Summer 2011

Diamond Lake, OR to S. Lake Tahoe, CA

396 Miles/634 Km

2 July 2011

Route Map

Click on pinpoints for local information

Destination Map

Photographs and Commentary
Click on picture to enlarge

We planned on an early departure from Diamond Lake so that we would have more time in Lake Tahoe in the afternoon. At the time of our departure the temperature was a balmy 37 degrees. Our route took us through Klamath Falls, OR and south into California. Shortly after we got into California we had to stop for a mandatory Gypsy Moth inspection, which took over ten minutes while two inspectors thoroughly checked the outside of the trailer and crawled underneath to look for egg sacks... that was a new experience for us. The route then took us southeast through the high desert of California, over the Sierras into Reno, NV. At Reno we continued south to Carson City, NV and then west over the mountains into the Lake Tahoe area. In the course of our trip we went from 37 degrees to 93 degrees in the high desert area and down to the upper 70s when we got over the pass into the Lake Tahoe area.

The area we traveled through is sparsely populated and that raised some concerns about the availability of diesel fuel. Experience has taught us not to wait until we are in the middle of nowhere to start looking for fuel. When we travel the Interstates I will wait until I'm down to a quarter tank before starting to look for fuel. In sparsely populated areas, such as what we drove through today, we start looking for fuel at the half tank mark. We also carry a five gallon can of diesel as a reserve (we have only relied on the reserve once in our travels). One of the biggest towns we drove through was Susanville, CA (I'm not kidding) and this was just about at the half tank mark. There were several stations selling diesel and our full tank took us to our destination with plenty of fuel to spare.

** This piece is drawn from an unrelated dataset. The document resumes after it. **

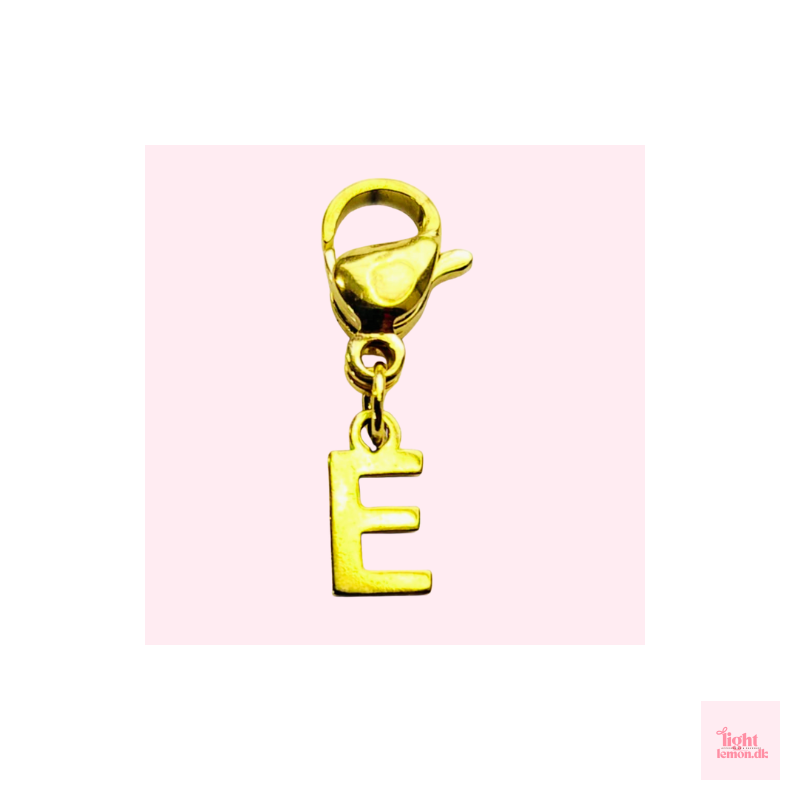 Bogstavcharm E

As it turned out we didn't get into Tahoe Valley Campground until about 4pm so we didn't have a chance to look around South Lake Tahoe. This trip also proved the fallibility of technology. We have been reliant on our GPS and other route planning software for routing us between stops. In the past we have had minor errors from the GPS because of bad data in the GPS (we have found that several GPS and mapping programs, including Google Maps) rely on the same databases and thus the errors occur on all of them. For the various segments of this trip I used a mapping software that is part of the electronic version of the Trailer Life RV Directory. It provided the routing we took today. I also checked with Google Maps and got the same routing. My GPS gave me the same routing in car mode and a different one that was 90 miles longer in truck mode. I always drive with GPS in truck mode when we are towing because it takes into consideration the size and weight of the truck-trailer combination (so does the Trailer Life Directory) so I started off with GPS in that mode. When we got to Klamath Falls the GPS wanted us to go southwest to pick up I-5. The other programs told me to the left fork and head southeast into California so we did. I thought that after a while the GPS would recalculate the route to match the other programs. It did not and eventually froze up (I guess the women inside the GPS decided to get even for our ignoring her). We relied on routing information from Trailer Life Directory which I sent to Susie's iPad for the rest of the trip. The GPS finally found itself as we were coming into Lake Tahoe where I didn't really need it. Until 2009 I always put together a book with the map and way points for each travel day. After today's experience, I am going to go back to the book so that we have a non-electronic backup.